Let’s also look at one another thing: After threatening Gabe Newell’s life, Maulbeck then went on to antagonize Valve by lamenting their “monopoly” on the PC market, conveniently forgetting sites like Desura, Humble, GOG, Origin, UPlay, Windows Store, direct from developer websites, retailers… should I go on? Just because Valve had a good idea and developed it into a sound business plan that has gone on to dominate the market doesn’t mean they have a monopoly on anything. I don’t think we need to discuss Apple vs.
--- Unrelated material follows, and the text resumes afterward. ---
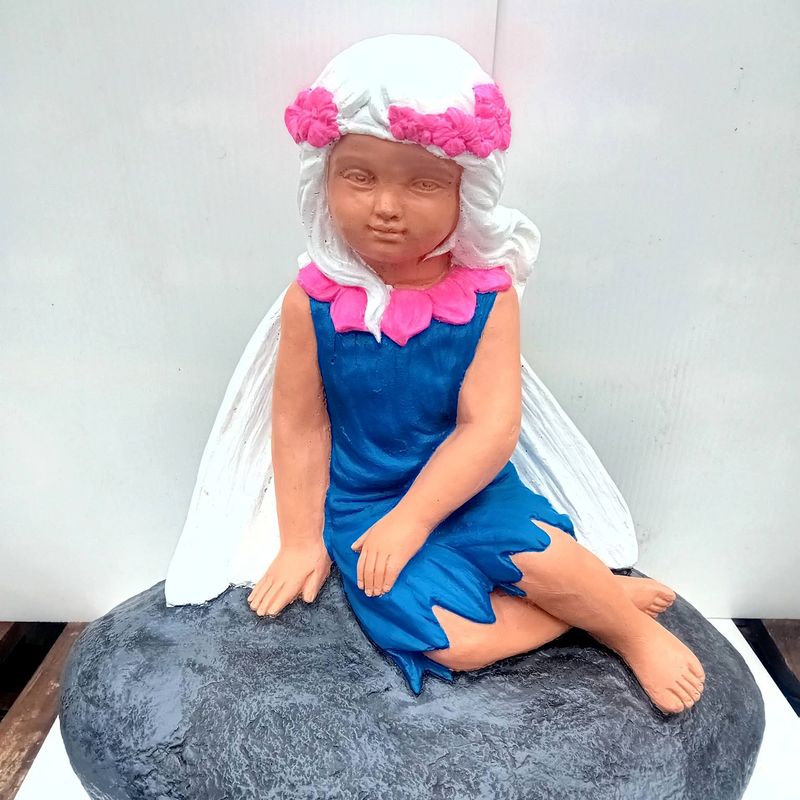 Seated fairy in a blue dress with a pink flower crown, perched on a grey rock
Android, but you get my point.
Maulbeck’s Twitter feed has since degenerated into the kind of thing you might expect – some people calling him an idiot, some people asking where they can still get his game, and everything else inbetween. Maulbeck has responded to all this by saying he doesn’t know whether to kill himself or get a job at Radio Shack as well as saying he wished Twitter allowed him to set up an autoresponse saying “No shit” every time someone tells him it was a stupid move.
Paranautical Activity, for what it’s worth, is actually a pretty decent game – a retro FPS which uses procedural generation and adds some roguelike elements to increase replayability, with a decidedly oddball sense of humor. But its future is now in doubt.
For Mike Maulbeck, a moment of madness could have long-lasting repercussions.